▼▼▼

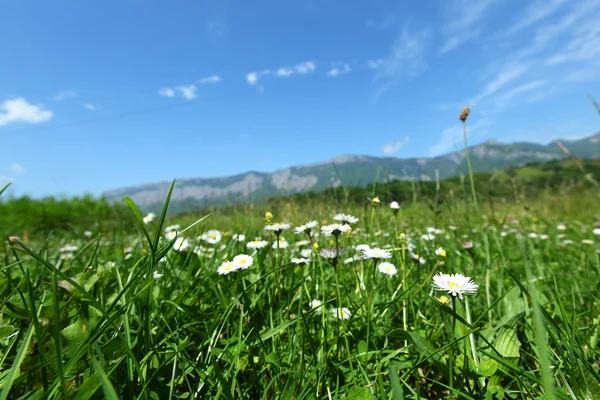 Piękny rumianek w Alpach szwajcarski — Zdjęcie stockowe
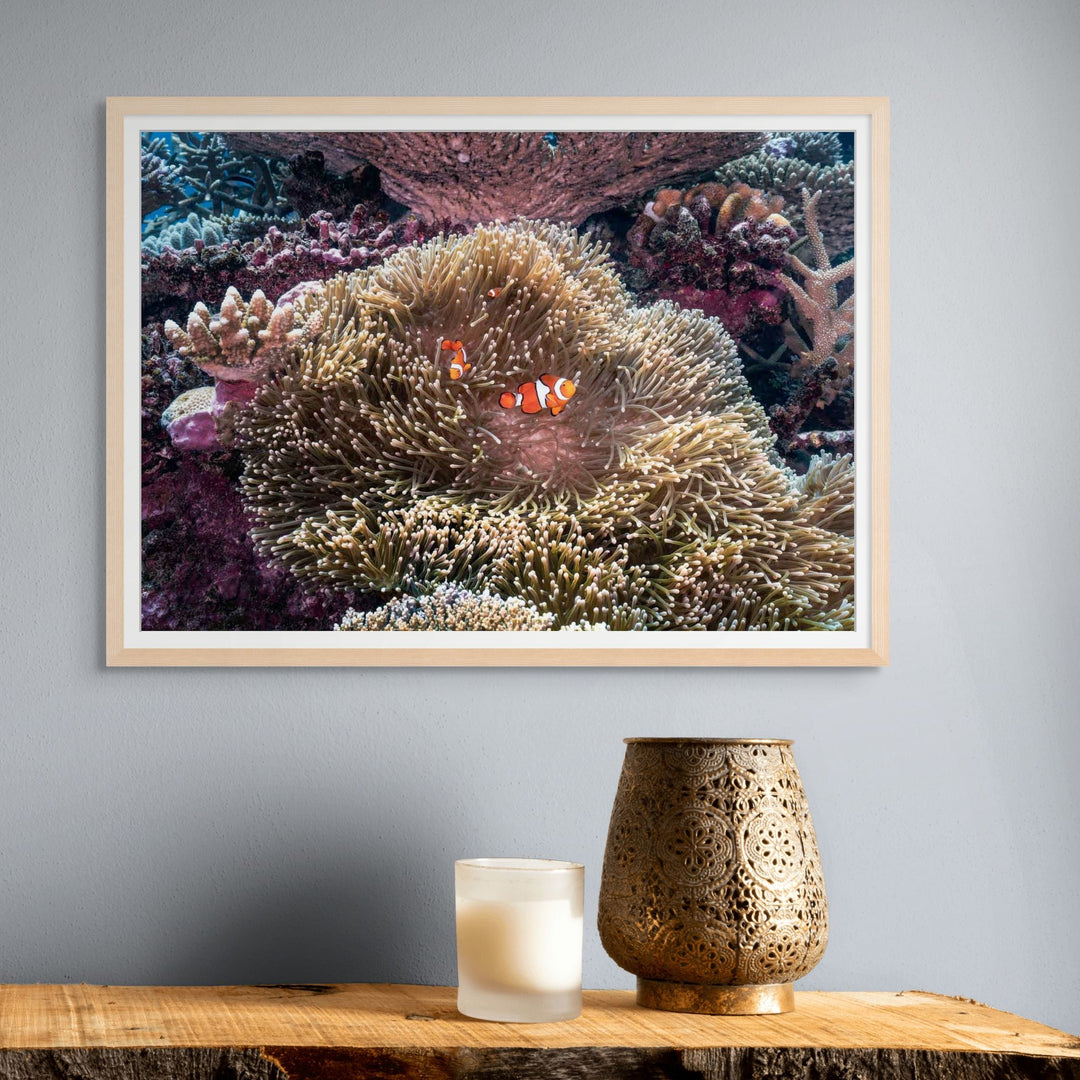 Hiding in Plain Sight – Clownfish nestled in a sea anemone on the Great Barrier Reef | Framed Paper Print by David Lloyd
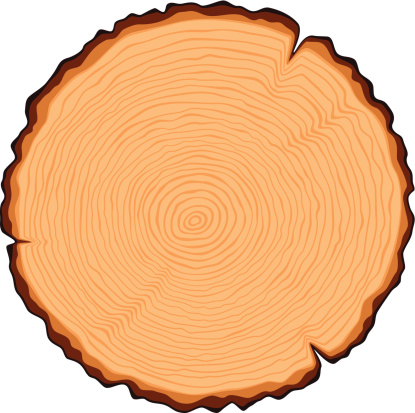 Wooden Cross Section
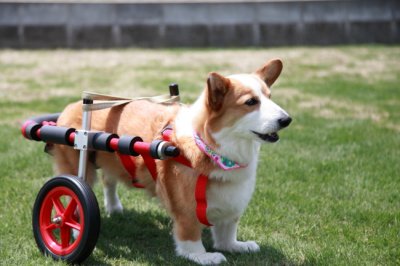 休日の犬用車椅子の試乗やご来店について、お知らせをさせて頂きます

▲▲▲
▼▼▼

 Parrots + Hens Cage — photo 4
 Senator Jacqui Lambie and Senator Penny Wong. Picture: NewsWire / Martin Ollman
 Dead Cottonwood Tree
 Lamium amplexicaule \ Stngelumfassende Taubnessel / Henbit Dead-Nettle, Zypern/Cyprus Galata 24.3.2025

▲▲▲

WORK TO BE COMPLETED => In the listing above, locate each line with "Dead" and copy it.

SOLUTION FOR THIS PROBLEM =>
 Dead Cottonwood Tree
 Lamium amplexicaule \ Stngelumfassende Taubnessel / Henbit Dead-Nettle, Zypern/Cyprus Galata 24.3.2025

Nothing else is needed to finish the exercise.